尹錫悦(ユン・ソンニョル)大統領は、日本の植民地支配からの解放を祝う「光復節」の式典で、「韓半島全体に、自由で民主的な国家が樹立されて初めて完全な解放が実現する」と述べ、統一を目指す考えを強調しました。
尹大統領は15日午前、ソウルの世宗(セジョン)文化会館で開かれた光復節の式典で演説し、「分断体制が続く限り、解放は未完成だ。韓半島全体に自由で民主的な国家が樹立されて、初めて完全な解放が実現する」と述べました。
演説のなかで、尹大統領は、政府の公式な統一の在り方である「民族共同体統一案」が発表されてから30年を迎えたことを踏まえ、統一をめぐる新たな構想を発表しました。
構想では、「統一大韓民国」を目指す考えを強調し、そのためには、まず、北韓の住民が自ら自由意志にもとづく統一を望むよう、外部の情報との接触を進めるとしています。
また、北韓の人権状況に関する国際会議を開いて、国際社会の関心を高めるとともに、「北韓自由人権ファンド」をつくり、北韓の人権状況の改善に取り組む民間の活動を、積極的に支援するとしています。
さらに、7月下旬に北韓で発生した豪雨被害をめぐり、政府が今月1日に緊急援助物資を提供する用意があると発表したことに言及し、「北韓住民の苦しみから目を背けないという意志を示したものだ。
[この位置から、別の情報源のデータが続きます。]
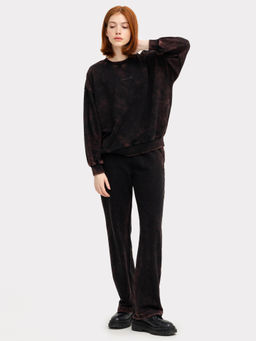 Джемпер женский в черном цвете с оригинальным принтом черная варка +печать 302743 - Mark formelle фото 2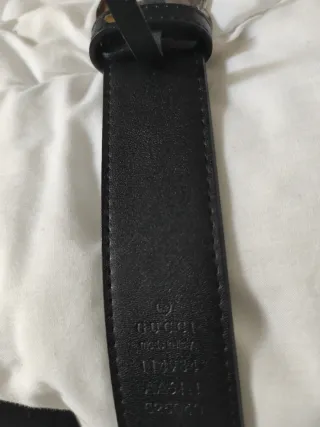 Cintura Gucci Pelle Nera mod Marmont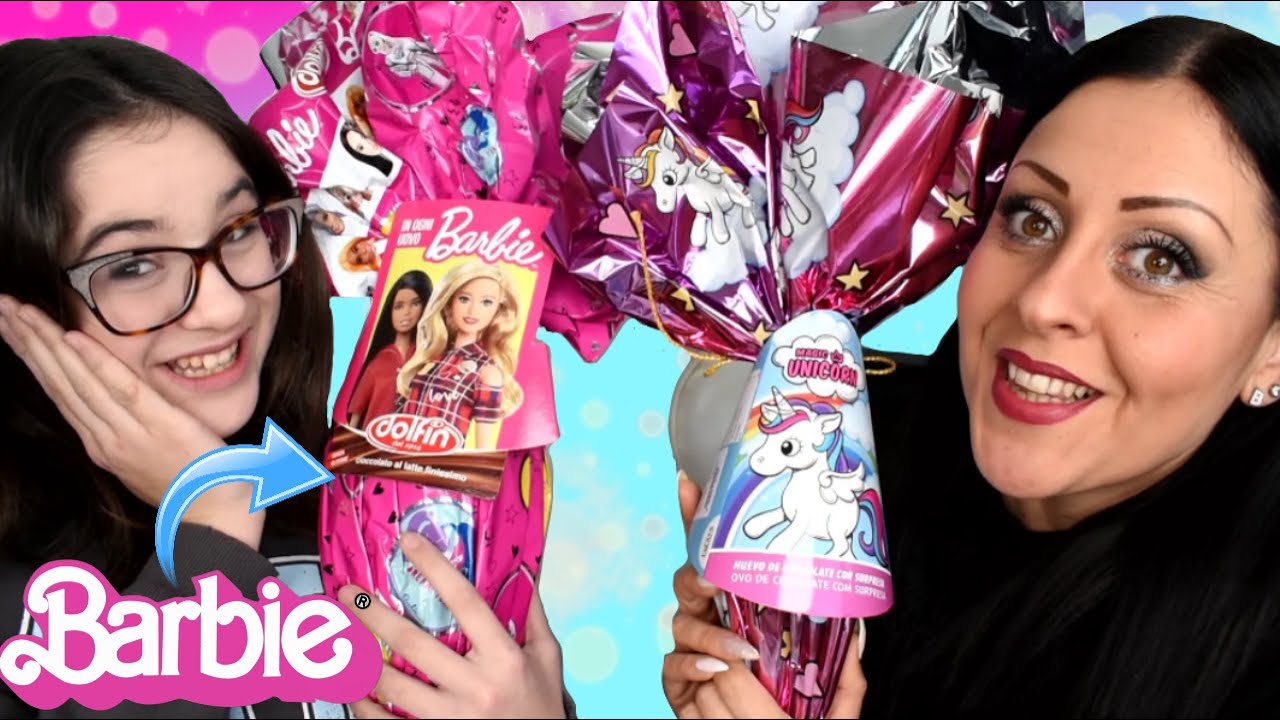 Apriamo l'uovo delle BARBIE e quello degli UNICORNI🦄2022! Cosa ci sara' dentro? || BARBARA DOMINICI💖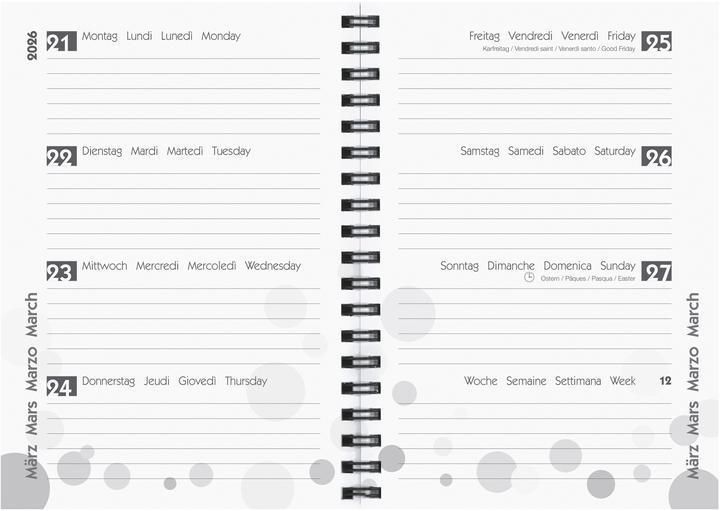 Actual product image Biella Agende scolastiche mydiary Wire-O (12 x 16.5 cm, Multilingual)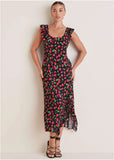 Ruffle Maxi Dress Very Cherry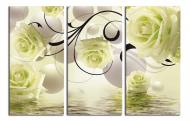 Картина модульная Розы и шары 3Д 180x120 см WallArt 54396-3.4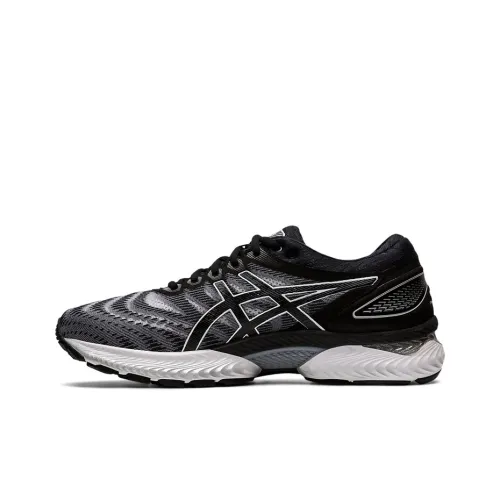Asics Gel Nimbus 22 Амортизация Низкий Топ Марафон Беговые Кроссовки Мужские Черный Серый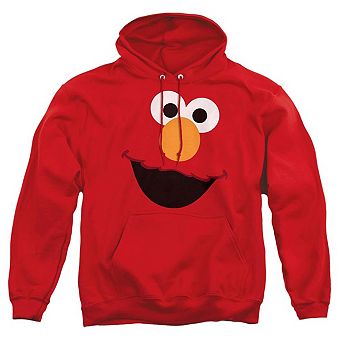 Sesame Street Elmo Face Adult Pull Over Hoodie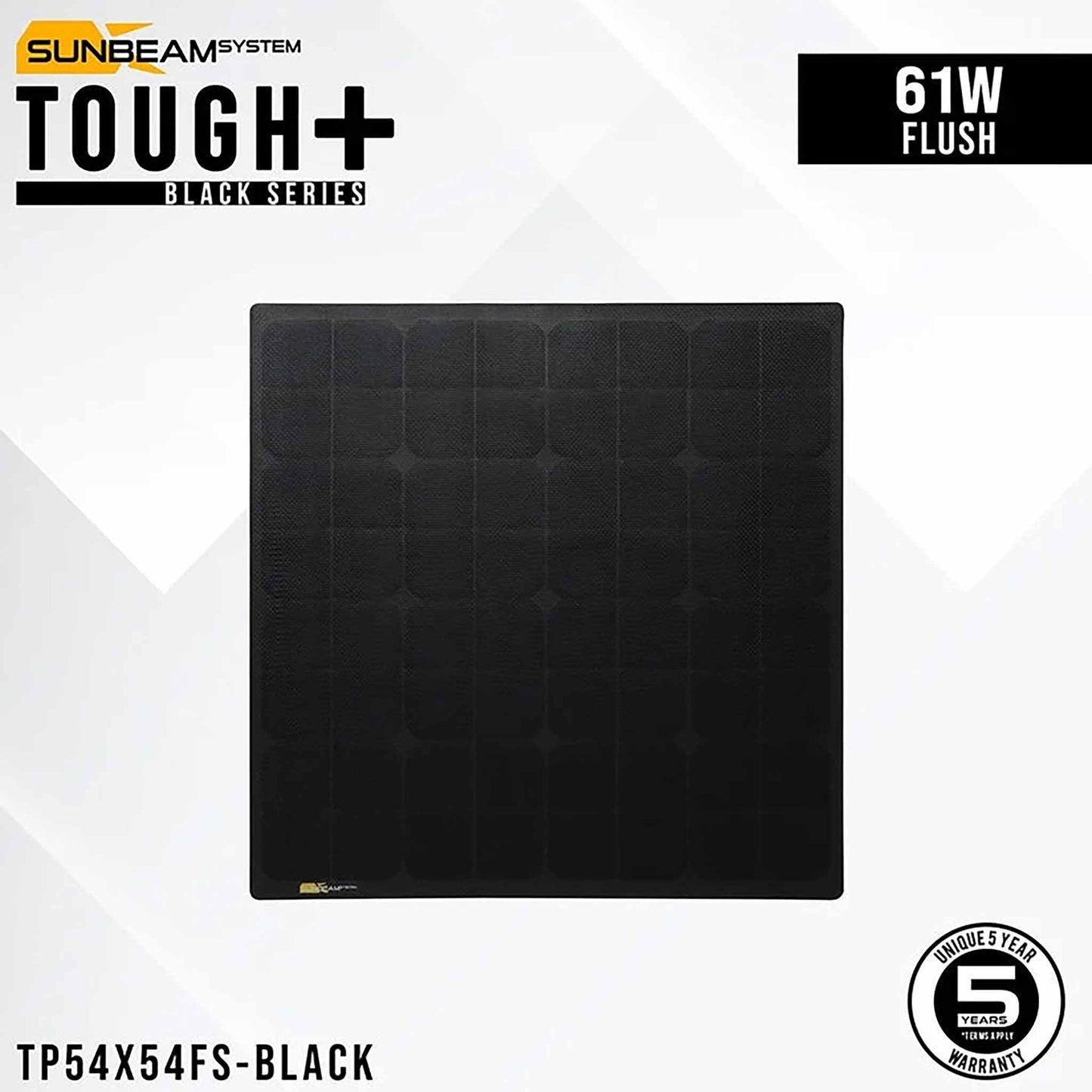 Sunbeam Tough+ Black 61Wp Flush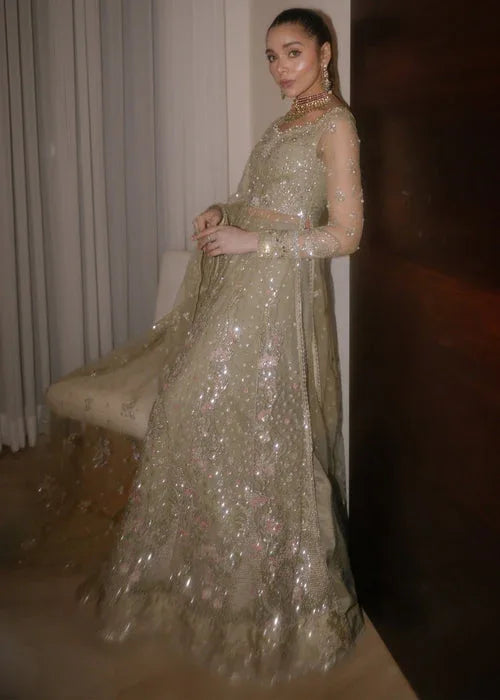 Sadaf Fawad Khan | Wedding Festive 25 | Seafoam - Aqsa Fabrics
北韓は拒否したが、政府は人道支援をあきらめない」と述べ、北韓に対して人道支援を行う考えを強調しました。
尹大統領はこのほか、北韓に対して南北当局の実務者が参加する「対話協議体」の設置を提案し、「緊張緩和を含む経済協力、人的往来、文化交流、災害と気候変動への対応までいかなる問題も扱える」と述べ、北韓当局の前向きな対応を呼びかけました。
去年の光復節の演説では、金正恩(キム・ジョンウン)政権を批判する一方で、韓日や韓日米の連携を強調するメッセージが目立っていましたが、ことしは、新たな統一構想が中心で、日本政府や金正恩政権に関する直接的な言及はありませんでした。